=== Action item ===
Give the data again exactly as it appears, excluding any pictures.

Data provided below:

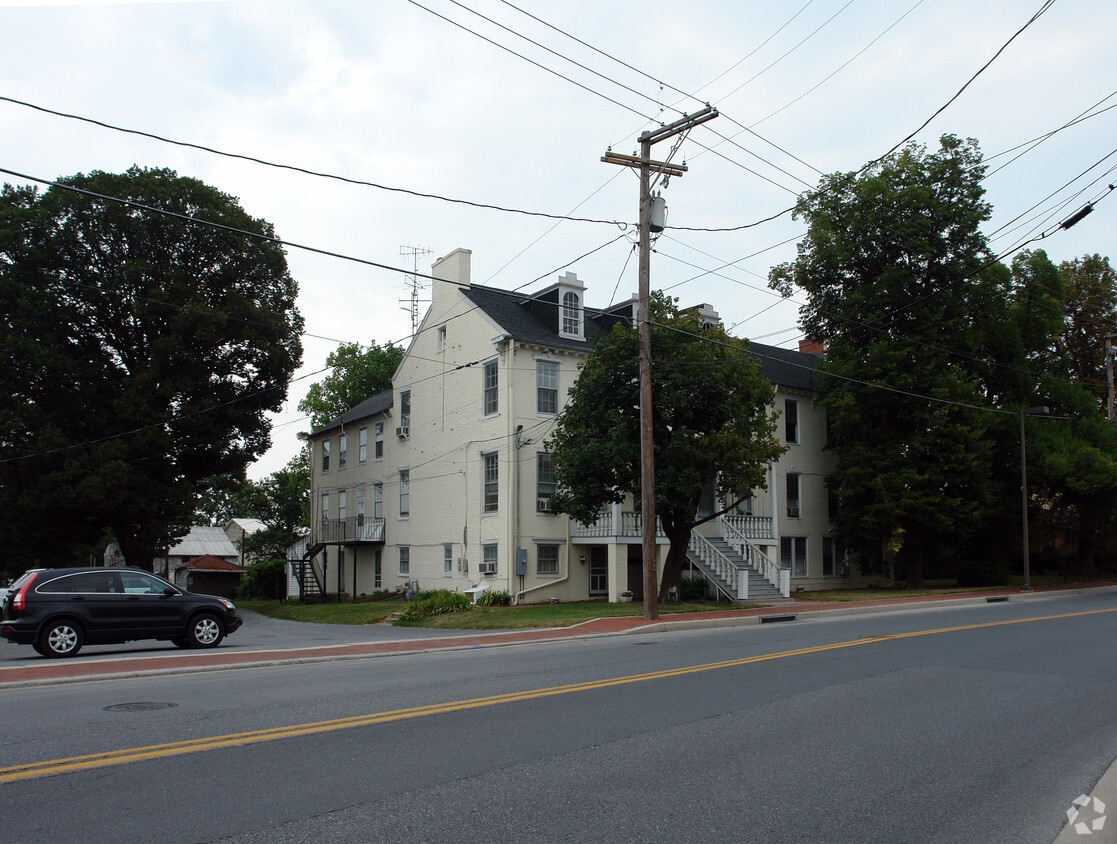 Wayside Apartments Apartments in Frederick, MD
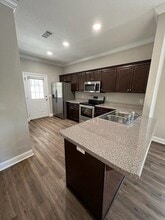 7010 Catalina Dr in Blackshear, GA - Building Photo - Building Photo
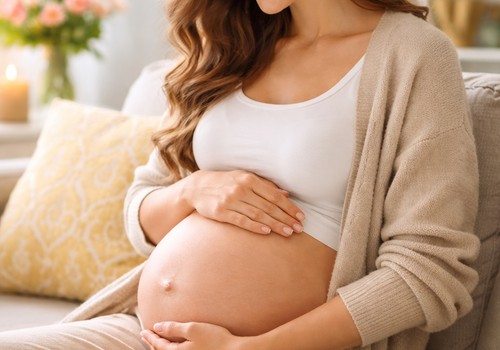 Kāpēc grūtniecības laikā niez vēders?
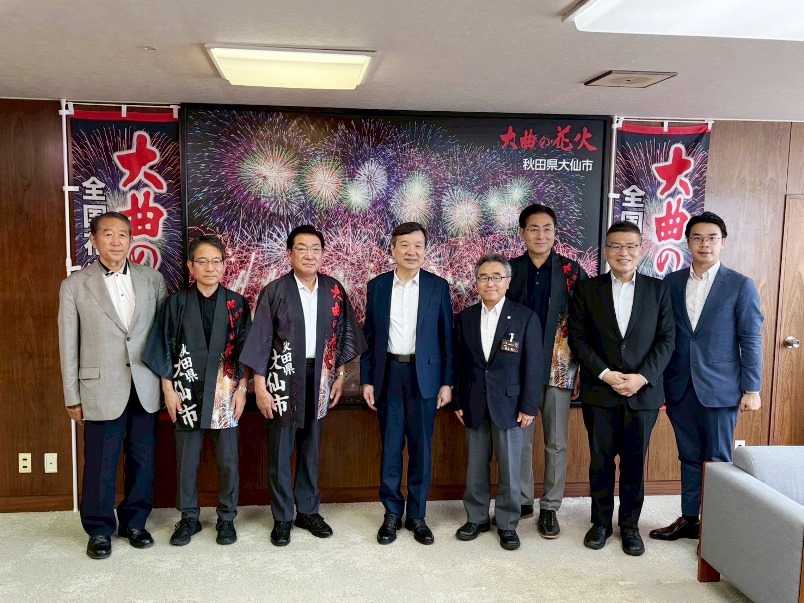 8月30日駐日代表李逸洋應邀訪問秋田縣仙北市及大仙市，分別會晤仙北市長田口知明及大仙市長老松博行，當晚並出席日本三大煙火大會「大曲煙火競技大會」，現場與御法川信英眾議員、秋田縣副知事神部秀行，以及東北地區地方行政首長及議會議長交流。翌（8月31）日應邀出席「仙北市國際交流協會歡迎午宴」，與該協會、仙北市政府及市議會等友台人士交流。圖說：駐日代表李逸洋(左四)與大仙市長老松博行(左三)及市府團隊、仙北市副市長赤上陽一(右四)、「仙北市國際交流協會」會長西村隆作(左一)會晤。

End of Data provided.

=== Output for this task ===
 Wayside Apartments Apartments in Frederick, MD
 7010 Catalina Dr in Blackshear, GA - Building Photo - Building Photo
 Kāpēc grūtniecības laikā niez vēders?
 8月30日駐日代表李逸洋應邀訪問秋田縣仙北市及大仙市，分別會晤仙北市長田口知明及大仙市長老松博行，當晚並出席日本三大煙火大會「大曲煙火競技大會」，現場與御法川信英眾議員、秋田縣副知事神部秀行，以及東北地區地方行政首長及議會議長交流。翌（8月31）日應邀出席「仙北市國際交流協會歡迎午宴」，與該協會、仙北市政府及市議會等友台人士交流。圖說：駐日代表李逸洋(左四)與大仙市長老松博行(左三)及市府團隊、仙北市副市長赤上陽一(右四)、「仙北市國際交流協會」會長西村隆作(左一)會晤。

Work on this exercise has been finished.